**ASSIGNMENT**.
Go through the entries below and tally the lines containing the string "GOLD"; report only the tally.

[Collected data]
________________________

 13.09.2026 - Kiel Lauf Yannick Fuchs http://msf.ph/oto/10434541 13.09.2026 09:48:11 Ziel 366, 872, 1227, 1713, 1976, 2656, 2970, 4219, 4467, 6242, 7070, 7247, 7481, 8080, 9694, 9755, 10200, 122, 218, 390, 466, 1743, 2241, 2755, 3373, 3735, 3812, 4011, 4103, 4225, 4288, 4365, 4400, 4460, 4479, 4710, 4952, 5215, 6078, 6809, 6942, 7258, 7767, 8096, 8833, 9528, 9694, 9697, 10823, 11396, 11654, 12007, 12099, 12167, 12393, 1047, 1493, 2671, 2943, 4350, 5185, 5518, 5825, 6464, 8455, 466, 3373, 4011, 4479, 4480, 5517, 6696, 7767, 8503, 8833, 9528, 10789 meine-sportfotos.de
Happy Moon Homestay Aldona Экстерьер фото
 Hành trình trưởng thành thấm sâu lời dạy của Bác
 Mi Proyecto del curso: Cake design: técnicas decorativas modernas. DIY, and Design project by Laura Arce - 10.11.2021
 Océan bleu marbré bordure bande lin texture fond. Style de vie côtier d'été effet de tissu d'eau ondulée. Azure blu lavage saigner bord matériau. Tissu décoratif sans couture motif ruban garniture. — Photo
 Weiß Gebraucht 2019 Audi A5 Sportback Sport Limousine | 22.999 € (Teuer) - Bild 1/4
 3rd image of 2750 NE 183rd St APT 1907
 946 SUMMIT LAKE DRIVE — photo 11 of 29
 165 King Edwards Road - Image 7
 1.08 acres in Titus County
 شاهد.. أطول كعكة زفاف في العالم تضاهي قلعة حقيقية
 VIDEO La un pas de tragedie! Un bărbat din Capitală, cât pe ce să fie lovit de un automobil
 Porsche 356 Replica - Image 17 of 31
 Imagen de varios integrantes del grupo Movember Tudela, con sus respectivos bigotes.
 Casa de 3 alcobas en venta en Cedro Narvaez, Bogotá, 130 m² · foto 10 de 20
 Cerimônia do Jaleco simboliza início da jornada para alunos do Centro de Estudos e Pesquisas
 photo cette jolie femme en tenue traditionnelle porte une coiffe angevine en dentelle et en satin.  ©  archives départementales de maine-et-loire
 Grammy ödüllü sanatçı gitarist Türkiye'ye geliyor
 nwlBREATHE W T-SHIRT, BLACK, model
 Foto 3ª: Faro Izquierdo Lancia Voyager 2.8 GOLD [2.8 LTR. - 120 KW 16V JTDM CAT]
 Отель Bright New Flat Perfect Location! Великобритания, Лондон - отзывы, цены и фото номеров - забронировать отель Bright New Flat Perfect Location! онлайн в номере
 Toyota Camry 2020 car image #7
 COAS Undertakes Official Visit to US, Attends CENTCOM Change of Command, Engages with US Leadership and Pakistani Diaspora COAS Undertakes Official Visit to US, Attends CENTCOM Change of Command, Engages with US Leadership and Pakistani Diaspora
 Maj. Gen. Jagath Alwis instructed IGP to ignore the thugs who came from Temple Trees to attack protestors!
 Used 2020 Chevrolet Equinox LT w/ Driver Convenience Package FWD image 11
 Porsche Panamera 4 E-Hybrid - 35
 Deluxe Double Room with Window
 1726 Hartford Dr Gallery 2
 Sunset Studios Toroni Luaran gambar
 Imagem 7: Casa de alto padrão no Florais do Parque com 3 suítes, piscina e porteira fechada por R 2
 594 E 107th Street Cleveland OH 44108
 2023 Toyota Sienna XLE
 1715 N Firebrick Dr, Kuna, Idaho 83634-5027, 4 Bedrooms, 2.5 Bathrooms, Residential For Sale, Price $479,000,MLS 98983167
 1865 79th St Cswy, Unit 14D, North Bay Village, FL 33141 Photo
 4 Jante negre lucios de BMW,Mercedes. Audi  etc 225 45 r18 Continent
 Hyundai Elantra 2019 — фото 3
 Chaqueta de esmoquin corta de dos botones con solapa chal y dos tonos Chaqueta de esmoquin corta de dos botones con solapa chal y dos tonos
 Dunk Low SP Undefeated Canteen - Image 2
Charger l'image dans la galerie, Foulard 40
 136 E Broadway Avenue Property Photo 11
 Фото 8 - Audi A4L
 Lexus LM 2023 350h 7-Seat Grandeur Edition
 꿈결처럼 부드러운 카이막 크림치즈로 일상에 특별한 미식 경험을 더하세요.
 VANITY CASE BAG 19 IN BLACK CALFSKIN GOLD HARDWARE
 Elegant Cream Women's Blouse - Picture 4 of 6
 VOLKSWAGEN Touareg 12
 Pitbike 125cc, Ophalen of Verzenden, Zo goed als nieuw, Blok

________________________

**EXPECTED ANSWER**.
2